Suspend the rules (RONR)
- Class: Incidental motion
- In order when another has the floor?: No
- Requires second?: Yes
- Debatable?: No
- May be reconsidered?: No
- Amendable?: No
- Vote required: Usually two-thirds (depends on the rule being suspended)

= Suspension of the rules =

Parliamentary procedure

In United States parliamentary procedure, a suspension of the rules allows a deliberative assembly to set aside its normal rules to do something that it could not do otherwise. However, there are rules that cannot be suspended.

==Explanation of use==

Rules are essential to the regularity of the proceedings. They protect the principles of parliamentary procedure—order, the right of individual members and of minorities to be heard, and the right of a majority to carry out its will. For these reasons, members have a right to insist on the observance of the rules. Yet, the assembly may dispense with certain rules.

Special rules of order, rules contained in the parliamentary authority, the standing rules of the assembly, and rules of order contained in the bylaws or constitution may be suspended. In addition, the bylaws may provide for a specific rule to be suspended.

Depending on the type of rule being suspended, a motion to suspend the rules could be adopted with a two-thirds vote. In many cases, suspension of the rules may take place with unanimous consent. Typically, a member will make a request to consider particular business or take a special action not permitted by the rules. The chair will ask if there is any objection; if there is no objection, the rules are suspended.

==Rules that cannot be suspended==
Rules which embody fundamental principles of parliamentary law or require a ballot vote and rules protecting absentees or a basic right of the individual cannot be suspended, even by unanimous vote. Thus, the rules cannot be suspended to allow non-members to vote; to authorize absentee or cumulative voting; to waive the requirement of a quorum; or to waive the requirement for previous notice for a bylaws amendment. Moreover, the rules cannot be suspended to take away a particular member's right to attend meetings, make motions, speak in debate, and vote; these can only be curtailed through disciplinary procedures.

Three of the major parliamentary authorities: Robert's Rules of Order Newly Revised, The Standard Code of Parliamentary Procedure, and Demeter's Manual – all agree that provisions in the bylaws that do not relate to parliamentary procedure may not be suspended. Demeter notes how this plays into the reality of parliamentary situations:

Bylaws cannot be suspended even by unanimous vote. But sometimes circumstances, expediency or strong assembly determination in behalf of a cause or proposition make violations necessary. In all such cases of violations, the action taken is illegal per se; but if no one objects at the time, or never challenges it at any time thereafter, a violation never challenged is never a violation.

Similarly, Mason states:

It has been held that public bodies can adopt rules, even by majority vote, that cannot be suspended or amended without a two-thirds vote, but it is also held by the courts that actions, taken in violation of procedural rules of parliamentary law and of adopted rules, are valid nevertheless, since failure to conform to the rules of this class suspended them by implication.
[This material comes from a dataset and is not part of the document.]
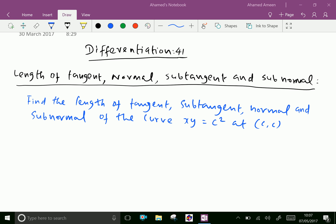Welcome to aminacademy.com. Now let us do some problems regarding length of tangent, normal, subtangent and subnormal.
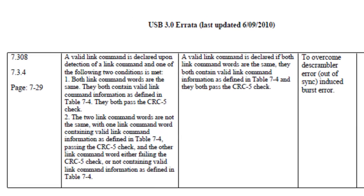In the original specification, only one of the CRC5 needs to be valid. It was found that corrupted data could cause de-scrambler to be out of sync and introduces false link command. The solution is to require both CRC5 to be valid. This was introduced in the June 2010 errata.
The action is still illegal if it violates a mandatory constitutional provision, since a legislature cannot suspend the constitution.

==Gordian knot==
One application of the motion to suspend the rules is called the "Gordian knot" motion. If confusion has caused the assembly to get so tangled up in a parliamentary snarl that neither the chairman nor the members can unravel it, a member can move to suspend the rules to start fresh. The use of the "Gordian knot" motion is illustrated in The Standard Code with this example: "Madam President, in view of the confusion about the parliamentary situation, I believe it would be best if we were to cancel out everything that has been done on this motion and start over from the beginning, permitting the motion to be resubmitted in whatever form the maker wishes. I move that the rules be suspended to permit this." The "Gordian knot" version of suspension of the rules was introduced by Floyd Riddick, Parliamentarian Emeritus of the United States Senate, at a meeting of the board of directors of the American Institute of Parliamentarians.

Robert's Rules of Order Newly Revised does not have such a motion. However, the same effect could be done by having the maker of a main motion request to withdraw it. If the assembly approves this request, all adhering motions to the main motion cease to be before the assembly as well.

==United States Congress==

In the House of Representatives of the US Congress, motions to suspend the rules are in order on Mondays, Tuesdays, Wednesdays, and during the last six days of a session. The Committee on Rules normally releases a list of bills and resolutions to be suspended for the week as were requested by the various committee chairmen. The motion is made on the House floor, which is debatable for 20 minutes each by the proponent and an opponent of the measure. Two-thirds of the Members present and voting must vote in the affirmative for the rules to be suspended and pass, adopt, or agree to the measure. Most measures that are passed in this manner are noncontroversial and are often bipartisan.

In the United States Senate, the motion to suspend the rules is allowed only with notice or by unanimous consent.